- **EXERCISE DETAILS**: Beneath this line are entries. Copy the range from the line with "Veste en cuir" to the line with "GJJSZ Scaffali per", ends included, exactly; leave pictures out.
━━ DATASET ━━
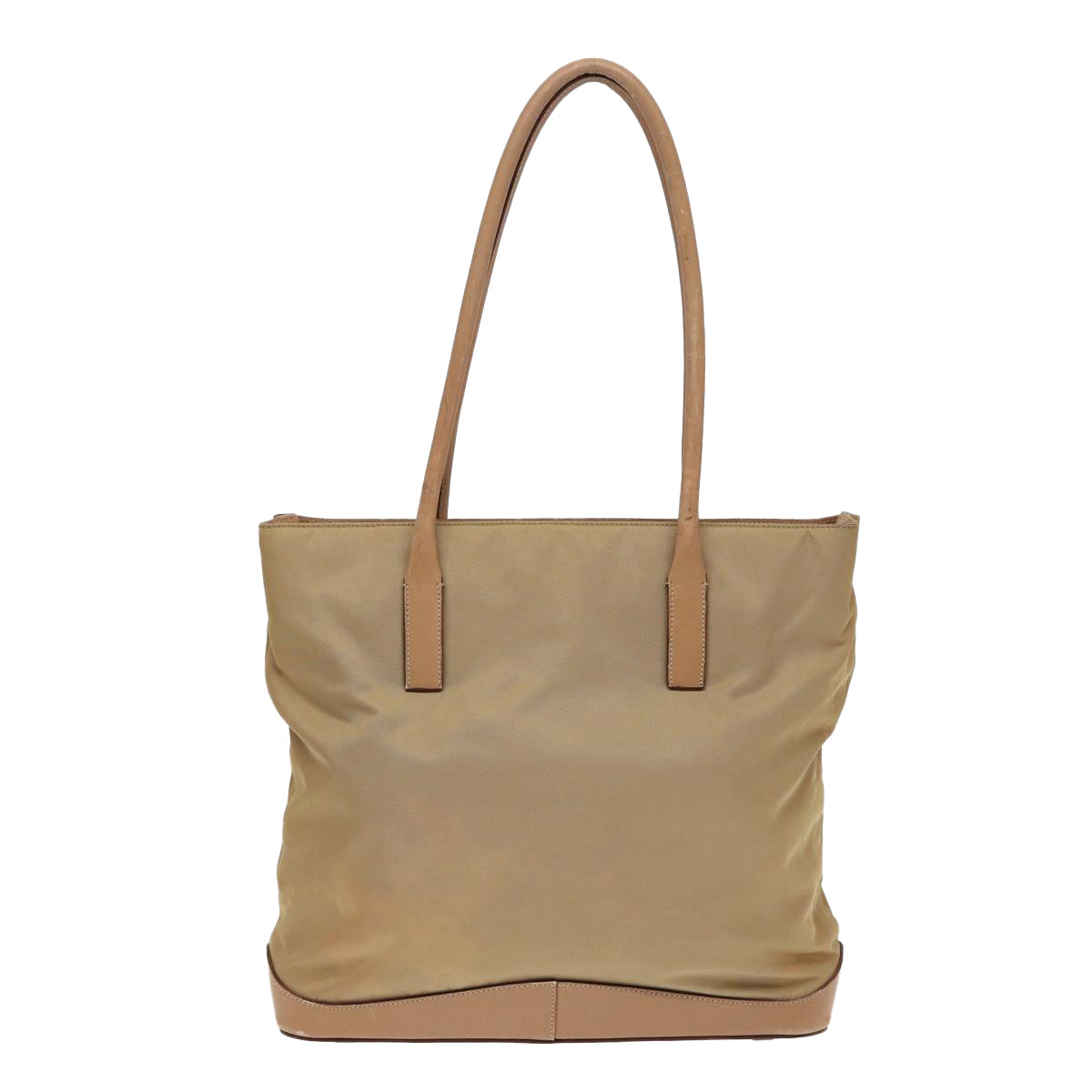 PRADA Tote Bag Nylon Beige Auth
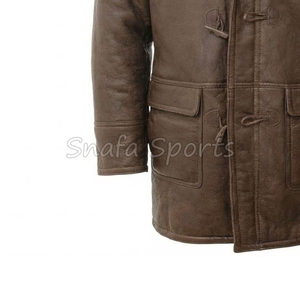 Veste en cuir pour homme en peau de mouton style classique, doublure en fausse fourrure épaisse, grande taille, vestes en cuir écologiques - Product Image 4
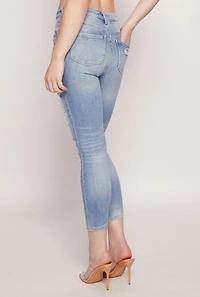 WAX Distressed Ankle Skinny Jeans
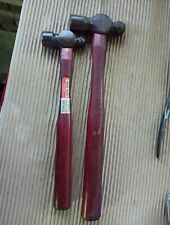 Pair Of  Ball Peen Hammers Both With Red Hickory Handles  picture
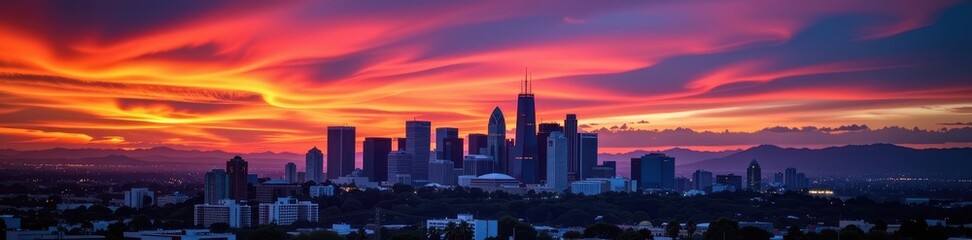 Fototapeta premium Los Angeles skyline ablaze with sunset hues, iconic skyscrapers silhouetted against a fiery sky, rays, view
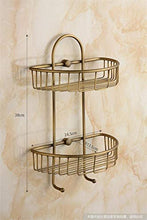 GJJSZ Scaffali per cestini antichi a Due Piani/Mensola angolare/Portaoggetti da Bagno,Ottone,processo Spazzolato,mensola da Bagno 24,5 * 38 cm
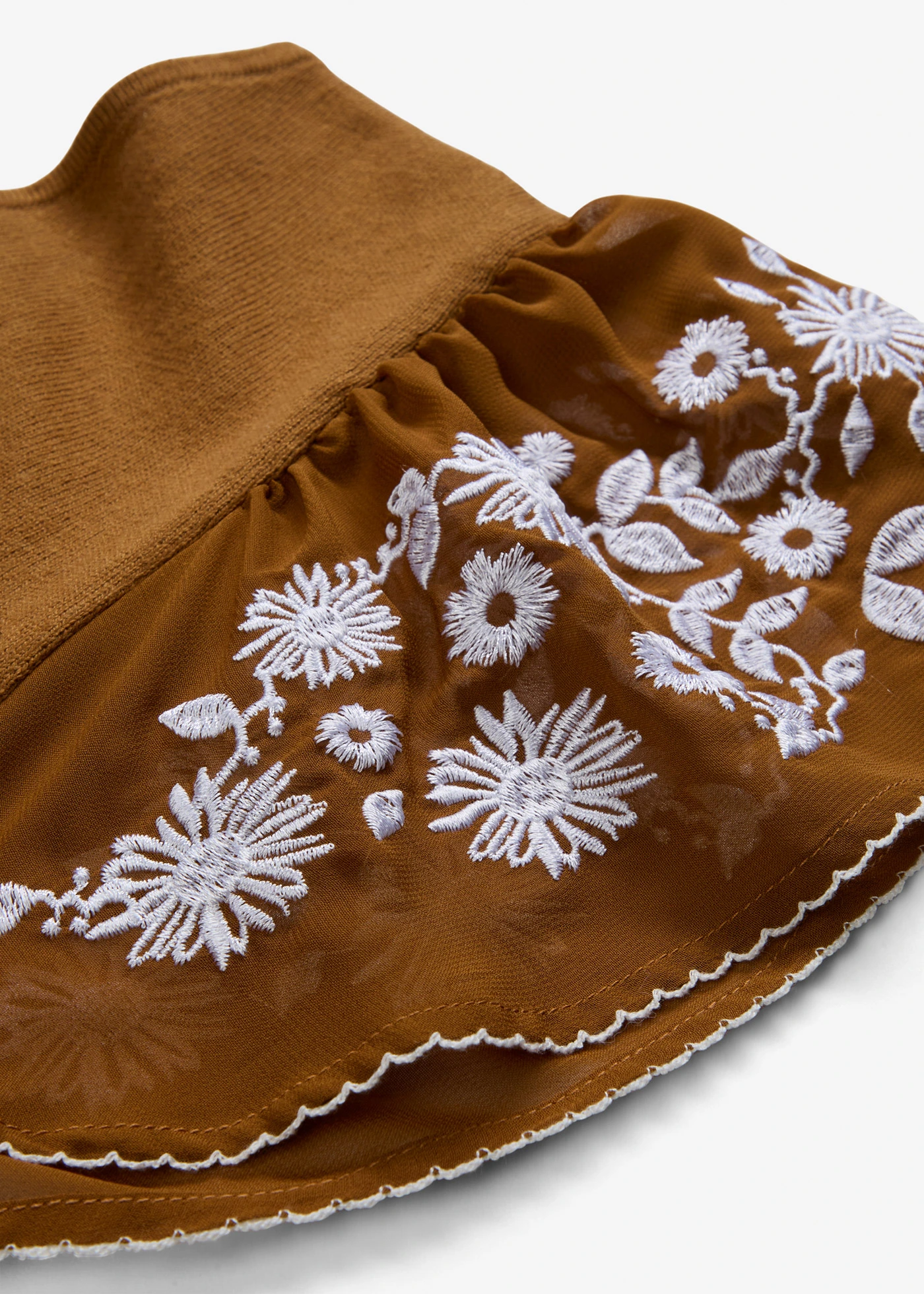 Gebreide top met zijde en mouwen van chiffon • cognac • bonprix online shop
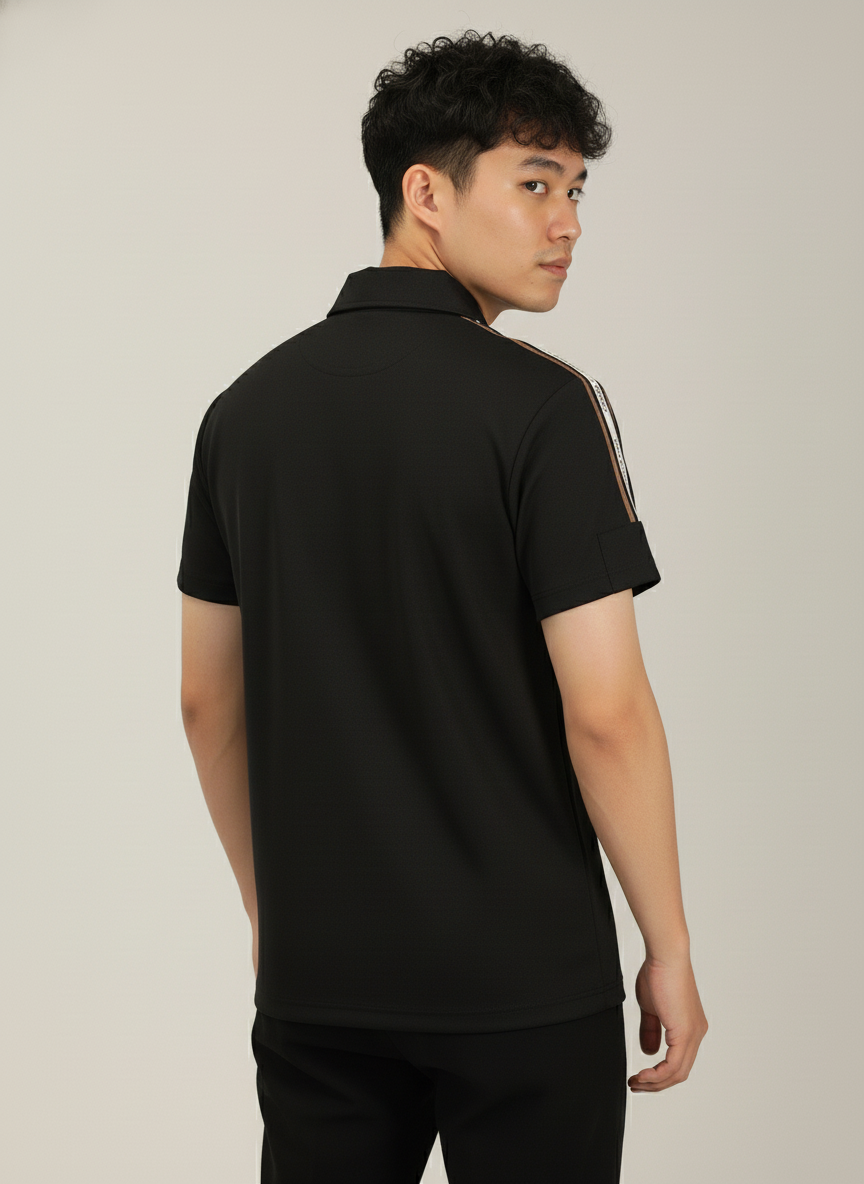 Men's Jet Black Premium Shoulder-Stripe Zip Polo T-Shirt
━━━
- **WRITTEN RESPONSE**:
 Veste en cuir pour homme en peau de mouton style classique, doublure en fausse fourrure épaisse, grande taille, vestes en cuir écologiques - Product Image 4
 WAX Distressed Ankle Skinny Jeans
 Pair Of  Ball Peen Hammers Both With Red Hickory Handles  picture
 Fototapeta premium Los Angeles skyline ablaze with sunset hues, iconic skyscrapers silhouetted against a fiery sky, rays, view
 GJJSZ Scaffali per cestini antichi a Due Piani/Mensola angolare/Portaoggetti da Bagno,Ottone,processo Spazzolato,mensola da Bagno 24,5 * 38 cm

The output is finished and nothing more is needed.